What this task involves: From the material below, please set down exactly the lines starting with the one with "Reef Cushion Bondi" and going on through the one with "Romantic Pastels single page website layout", without a single picture.

Material for this task:

[Start of Attachment]

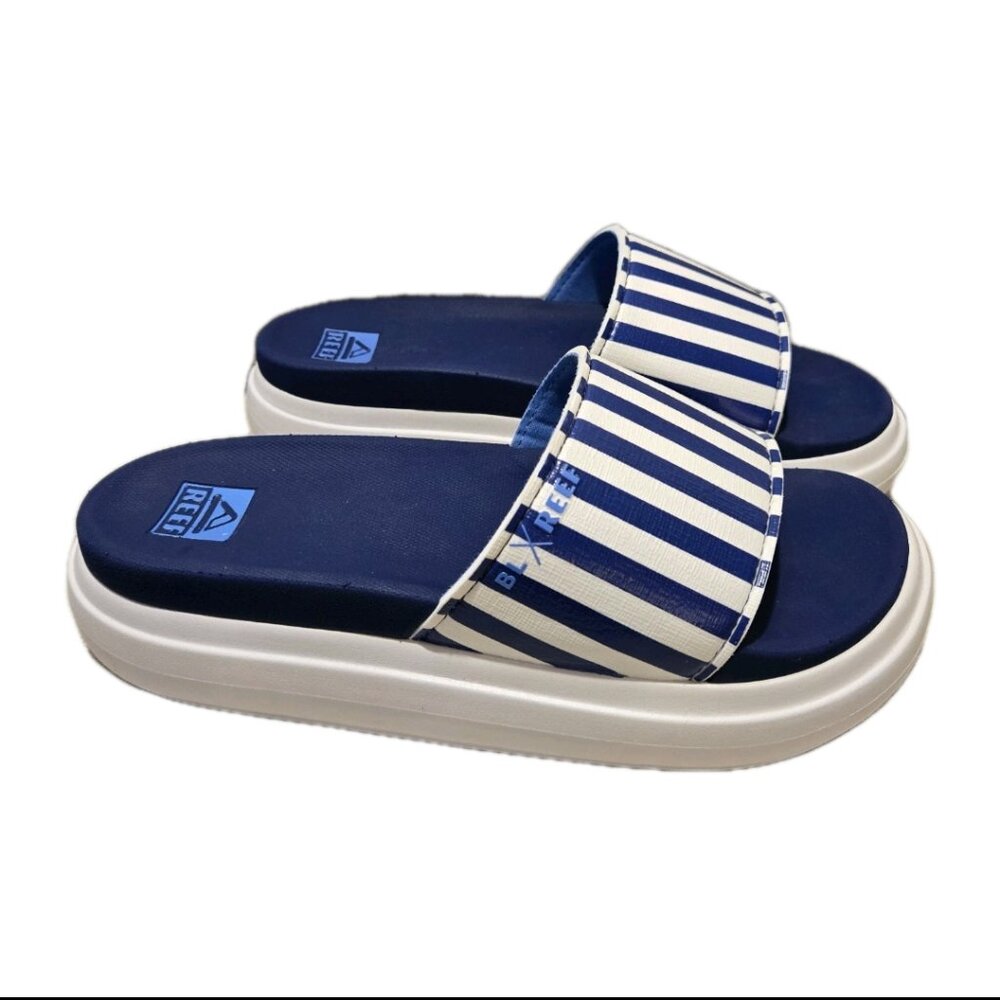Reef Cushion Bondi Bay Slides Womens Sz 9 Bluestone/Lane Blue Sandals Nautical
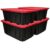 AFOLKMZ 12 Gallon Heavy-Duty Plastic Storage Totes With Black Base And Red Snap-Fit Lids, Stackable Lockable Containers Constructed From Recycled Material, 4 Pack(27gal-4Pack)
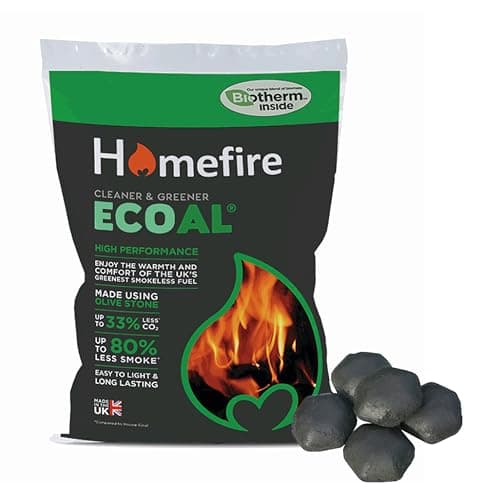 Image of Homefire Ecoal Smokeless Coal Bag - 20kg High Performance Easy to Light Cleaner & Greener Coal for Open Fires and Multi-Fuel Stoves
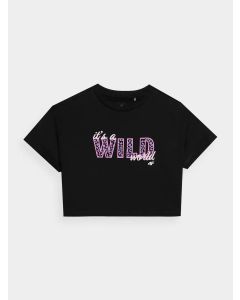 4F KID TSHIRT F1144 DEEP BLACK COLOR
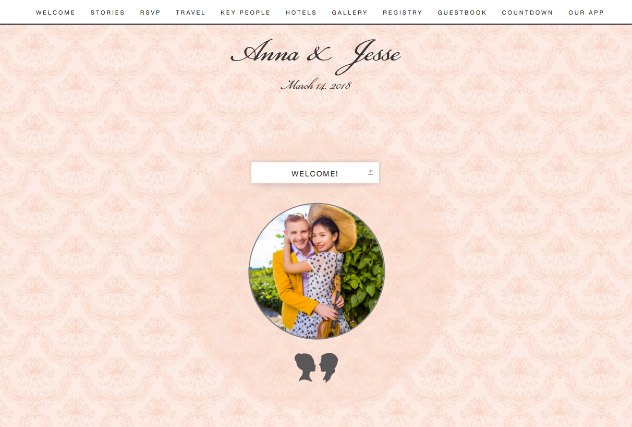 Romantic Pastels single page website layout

[End of Attachment]
[Start of Attachment]

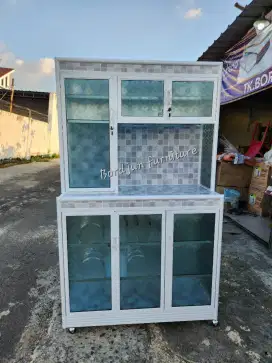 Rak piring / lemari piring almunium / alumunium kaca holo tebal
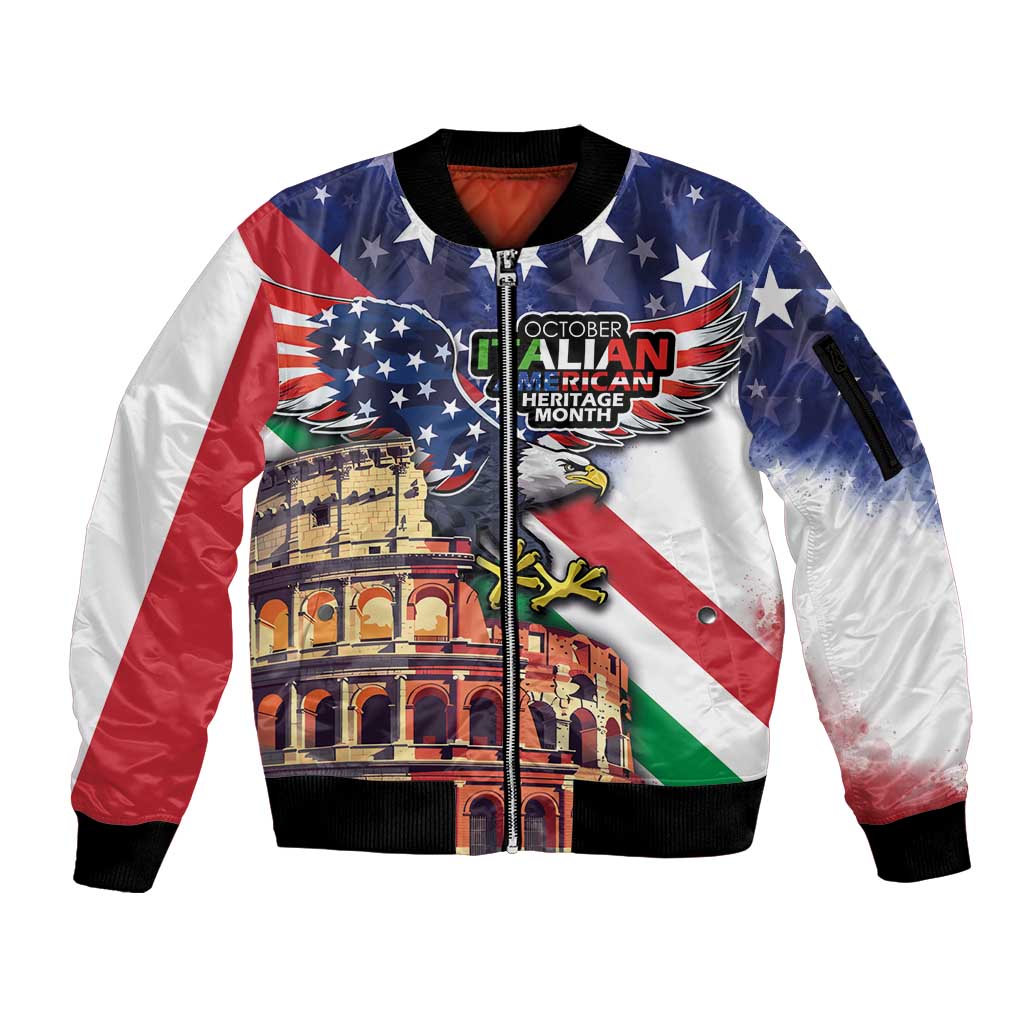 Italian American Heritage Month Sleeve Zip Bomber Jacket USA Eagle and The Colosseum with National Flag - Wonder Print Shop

[End of Attachment]
[Start of Attachment]

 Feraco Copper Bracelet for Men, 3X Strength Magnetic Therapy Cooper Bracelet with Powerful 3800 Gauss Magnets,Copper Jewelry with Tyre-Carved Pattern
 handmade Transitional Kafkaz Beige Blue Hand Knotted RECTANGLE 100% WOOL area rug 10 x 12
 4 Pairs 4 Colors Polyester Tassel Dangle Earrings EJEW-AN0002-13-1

[End of Attachment]

Answer to this exercise:
Reef Cushion Bondi Bay Slides Womens Sz 9 Bluestone/Lane Blue Sandals Nautical
 AFOLKMZ 12 Gallon Heavy-Duty Plastic Storage Totes With Black Base And Red Snap-Fit Lids, Stackable Lockable Containers Constructed From Recycled Material, 4 Pack(27gal-4Pack)
 Image of Homefire Ecoal Smokeless Coal Bag - 20kg High Performance Easy to Light Cleaner & Greener Coal for Open Fires and Multi-Fuel Stoves
 4F KID TSHIRT F1144 DEEP BLACK COLOR
 Romantic Pastels single page website layout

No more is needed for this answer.